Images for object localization
+ + +

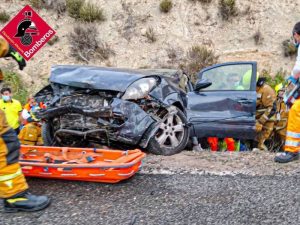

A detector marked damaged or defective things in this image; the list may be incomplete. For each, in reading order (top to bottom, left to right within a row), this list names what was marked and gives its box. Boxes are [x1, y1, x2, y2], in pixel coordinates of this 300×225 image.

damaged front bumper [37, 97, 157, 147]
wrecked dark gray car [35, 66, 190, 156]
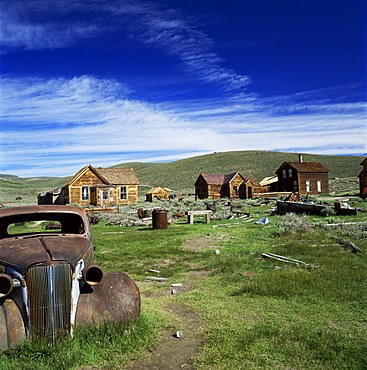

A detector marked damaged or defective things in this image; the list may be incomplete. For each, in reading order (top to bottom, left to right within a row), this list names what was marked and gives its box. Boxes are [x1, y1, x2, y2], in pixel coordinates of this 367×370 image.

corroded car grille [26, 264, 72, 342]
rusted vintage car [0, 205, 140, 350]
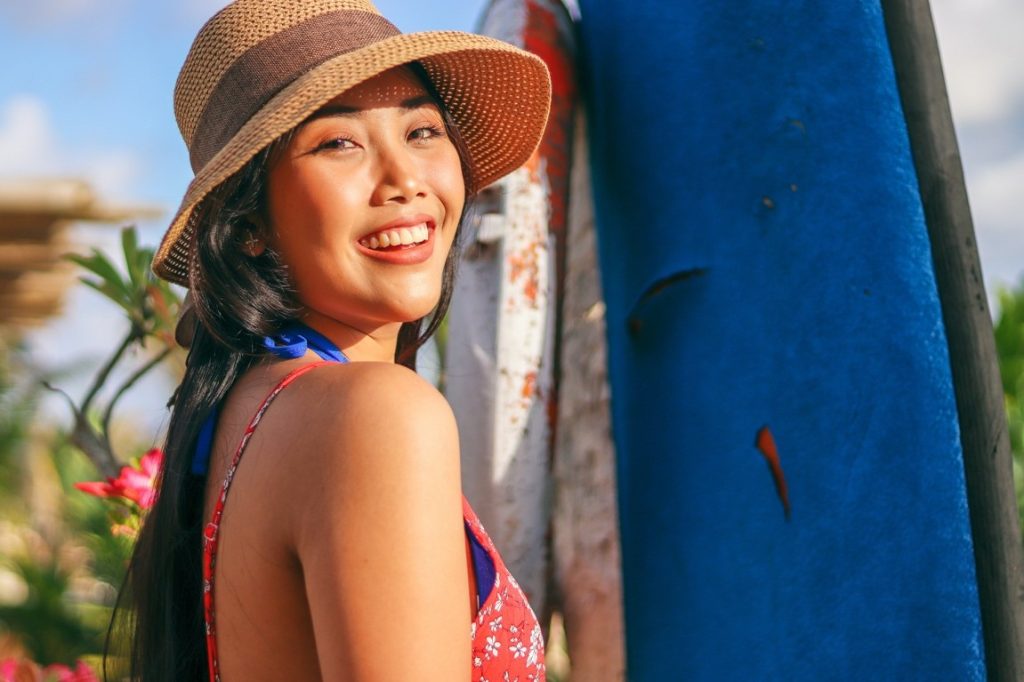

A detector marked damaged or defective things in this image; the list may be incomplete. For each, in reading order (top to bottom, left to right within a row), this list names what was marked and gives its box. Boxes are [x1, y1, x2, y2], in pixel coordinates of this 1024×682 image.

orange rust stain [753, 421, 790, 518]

+ + +

EXERCISE GOAL
Copy over exactly the lines above from the one with "this 1024×682 image." to the last, both included, and no others.

WRITTEN RESPONSE
A detector marked damaged or defective things in this image; the list may be incomplete. For each, in reading order (top to bottom, left to right within a row), this list names what was marked and gives its box. Boxes are [x1, y1, x2, y2], in pixel coordinates of this 1024×682 image.

orange rust stain [753, 421, 790, 518]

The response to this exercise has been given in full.